Dennis Rollins Velocity Trio
The 11th Gate
Motéma
2012-01-10

Dennis Rollins radiates positive vibes with his Velocity Trio, an unusual trombone-organ-drums combo whose first album The 11th Gate is out on Motéma Music. For one thing, Rollins writes to please — he composes memorable heads informed by funk and Latin genres, with enough melodic integrity to please jazz purists. Then there’s his playing. Rollins plays his trombone with a beautiful burnished tone, bouncing and swooping into his notes on little catenaries of sound, reaching out to listeners with a grin and a handshake. He’s also got an Aquarian numerological thing going on. Motéma had the spiritual wisdom to release The 11th Gate on 11/11/11, the day Rollins turned 47, and you’ll notice that four plus seven equals 11. (They released it digitally, that is; the physical CD had to wait until January.) Naturally the trio has included 11 tracks here, the better to usher in Rollins’s “universal paradigm shift, an emergence into our authentic selves”.

My authentic self tells me they had to pad this album to reach 11 tracks. Hammond organist Ross Stanley and drummer Pedro Segundo each get a short solo interlude; Rollins takes two of those, plus a multitracked trombone chorale that closes the album solemnly but not very memorably.
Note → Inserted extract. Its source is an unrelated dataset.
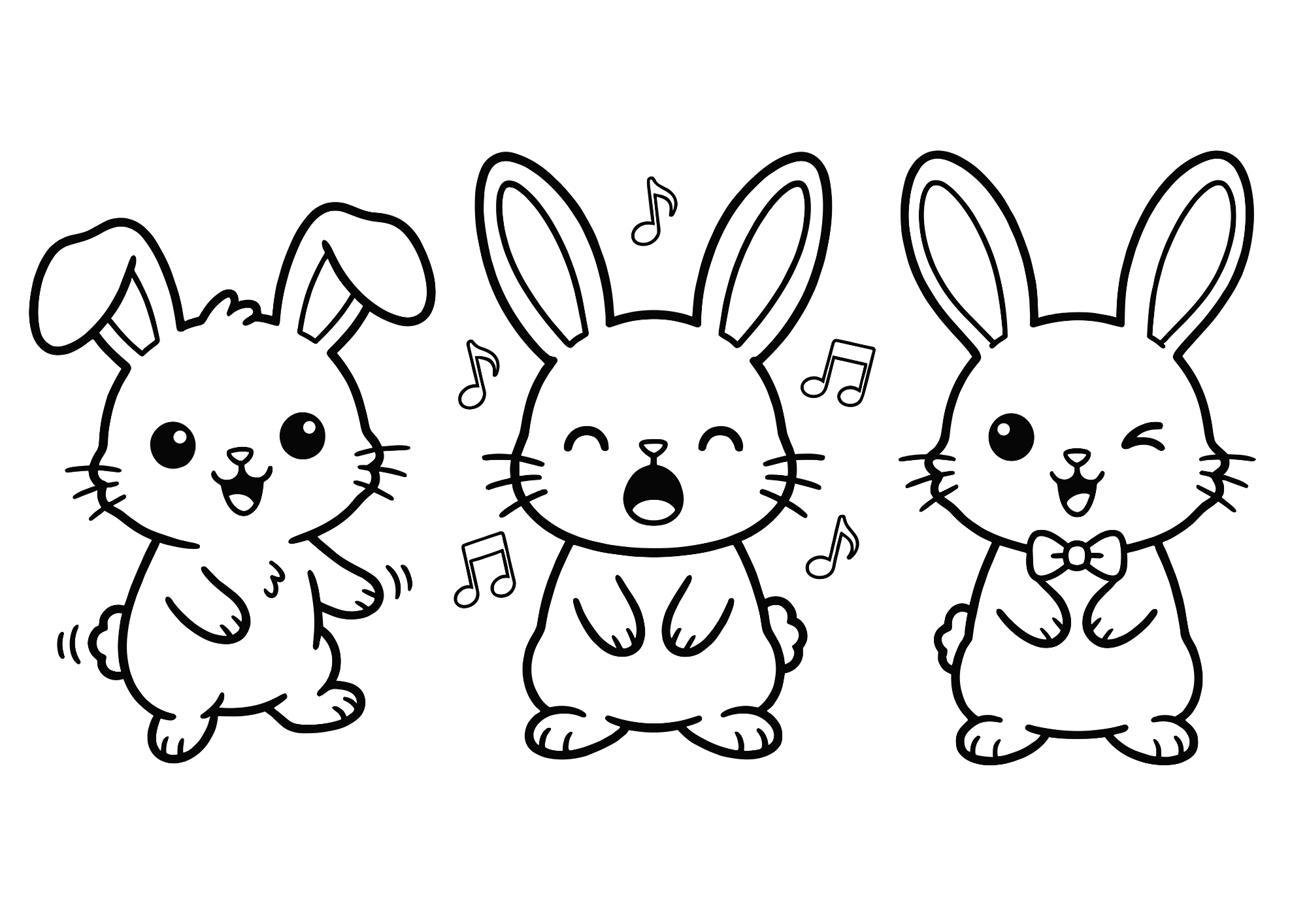 うさぎのダンスの塗り絵イラスト 白黒 無料ダウンロード 印刷用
That leaves six proper songs, still a good length for a jazz album, to show off this band’s impressive chops and interplay.

Opening song “Samba Galactica” punches out of the speakers with a tricky rhythm, Segundo skittering around the beats while Rollins uses some electronic device to harmonize with himself. The apparently ambidextrous Stanley handles the bassline with his left hand; his right hand either harmonizes closely with Rollins’s trombone, plays remarkably fluid solos, or stretches out on thick washes of sound that make you say, “Ooh, Hammond organ!”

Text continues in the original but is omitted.